Trigger warning: Discussion of seriously horrific shit. Honestly, everything is on the table here so if you're on the lookout for trigger warnings you should probably stay away from this conversation.
Any community of people which gains notability will attract criticism. Those who advocate for the importance of AI alignment are no exception. It is undoubtable that you have all heard plenty of arguments against the worth of AI alignment by those who disagree with you on the nature and potential of AI technology. Many have said that AI will never outstrip humans in intellectual capability. Others have said that any sufficiently intelligent AI will “align” themselves automatically, because they will be able to better figure out what is right. Others say that strong AI is far enough in the future that the alignment problem will inevitably be solved by the time true strong AI becomes viable, and the only reason we can’t solve it now is because we don’t sufficiently understand AI.
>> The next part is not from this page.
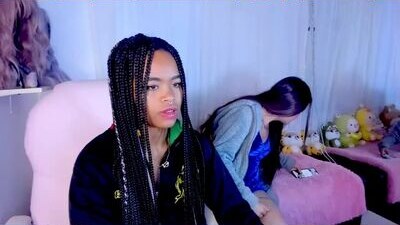 mia_ws public webcam profile photo 9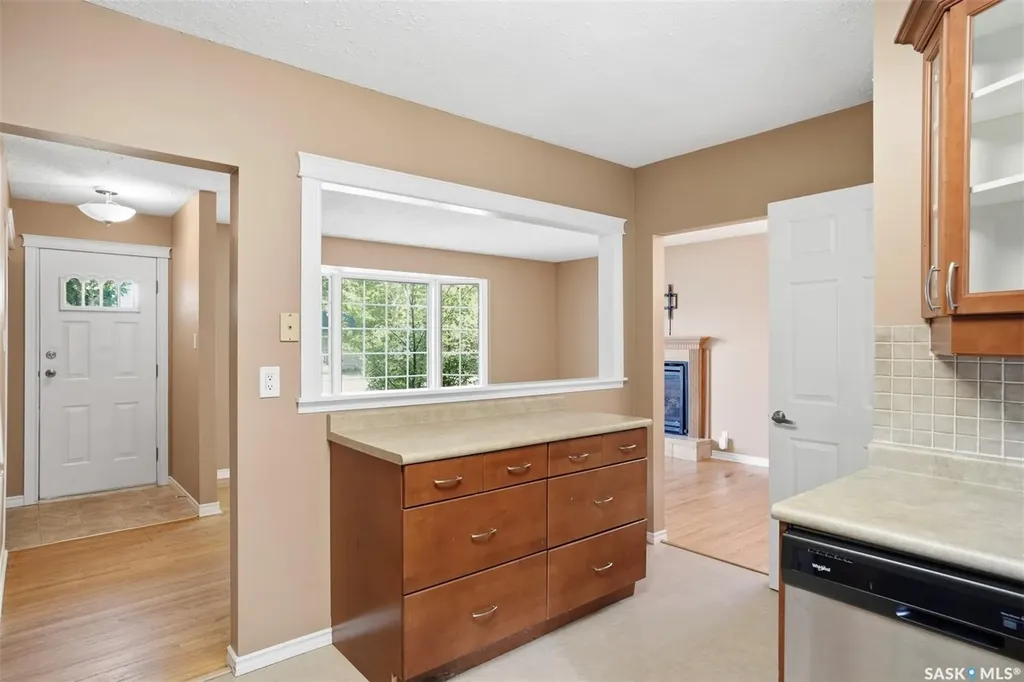 2019 Louise Avenue Saskatoon SK S7J 2C1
I am not here to level criticisms of this type at the AI alignment community. I accept most of the descriptive positions endorsed by this community: I believe that AGI is possible and will inevitably be achieved within the next few decades, I believe that the alignment problem is not trivial and that unaligned AGI will likely act against human interests to such an extent as to lead to the extinction of the human race and probably all life as well. My criticism is rather on a moral level: do these facts mean that we should attempt to develop AI alignment techniques?
I say we should not, because although the risks and downsides of unaligned strong AI are great, I do not believe that they even remotely compare in scope to the risks from strong AI alignment techniques in the wrong hands. And I believe that the vast majority of hands this technology could end up in are the wrong hands.
You may reasonably ask: How can I say this, when I have already said that unaligned strong AI will lead to the extinction of humanity? What can be worse than the extinction of humanity? The answer to that question can be found very quickly by examining many possible nightmare scenarios that AI could bring about. And the common thread running through all of these nightmare scenarios is that the AI in question is almost certainly aligned, or partially aligned, to some interest of human origin.
Unaligned AI will kill you, because you are made of atoms which can be used for paper clips instead. It will kill you because it is completely uninterested in you. Aligned, or partially aligned AI, by contrast, may well take a considerable interest in you and your well-being or lack thereof. It does not take a very creative mind to imagine how this can be significantly worse, and a superintelligent AI is more creative than even the most deranged of us.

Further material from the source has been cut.